Continual Learning with Neural Network: An Introduction and Approaches
Sungmin Cha (New York University, USA)
■ Abstract
In this talk, I will briefly introduce the research field of Continual Learning, which trains a neural network in scenarios where new datasets or tasks are continually provided while overcoming catastrophic forgetting. Firstly, I will present the necessity of continual learning research. Secondly, I will provide a brief overview of three categories of continual learning algorithms. Third, I will introduce my recent research that addresses an issue with Batch Normalization Layer in Exemplar-based Class-Incremental Learning. Finally, I will share future works in continual learning research.
■ Bio
Sungmin Cha who is working as a Faculty Fellow at New York University, under the supervision of Prof. Kyunghyun Cho. Previously, he earned a Ph.D. in Electrical and Computer Engineering from Seoul National University (SNU), advised by Prof. Taesup Moon. Prior to this, he obtained Master's and Bachelor's degrees in Information and Communication Engineering and Computer Engineering from DGIST and Pukyong National University, respectively. During his doctoral studies, he had the opportunity to work as a visiting researcher at Harvard University, as well as a research scientist intern at both NAVER AI Lab and Fundamental Research Lab, LG AI Research. Additionally, he has had the honor of receiving several awards such as Qualcomm Innovation Fellowship Korea 2021, Yulchon AI START Fellowship 2022, and Distinguished Doctoral Dissertation Award 2023 from Dept. ECE, SNU, etc.

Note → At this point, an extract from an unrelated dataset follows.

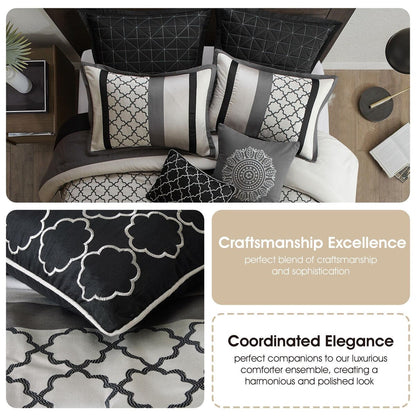 Ensemble de couette 8 pièces Nanshing Avalon Trellis à imprimé marocain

Sungmin’s primary research goal is to develop more cost-efficient ways for training neural networks. Specifically, He is interested in developing algorithms that enable continual learning, allowing neural networks to learn a sequence of tasks continuously, mirroring the human learning process. Additionally, he has a keen interest in various other topics, such as unsupervised image denoising and machine unlearning, and he is continually exploring new research topics.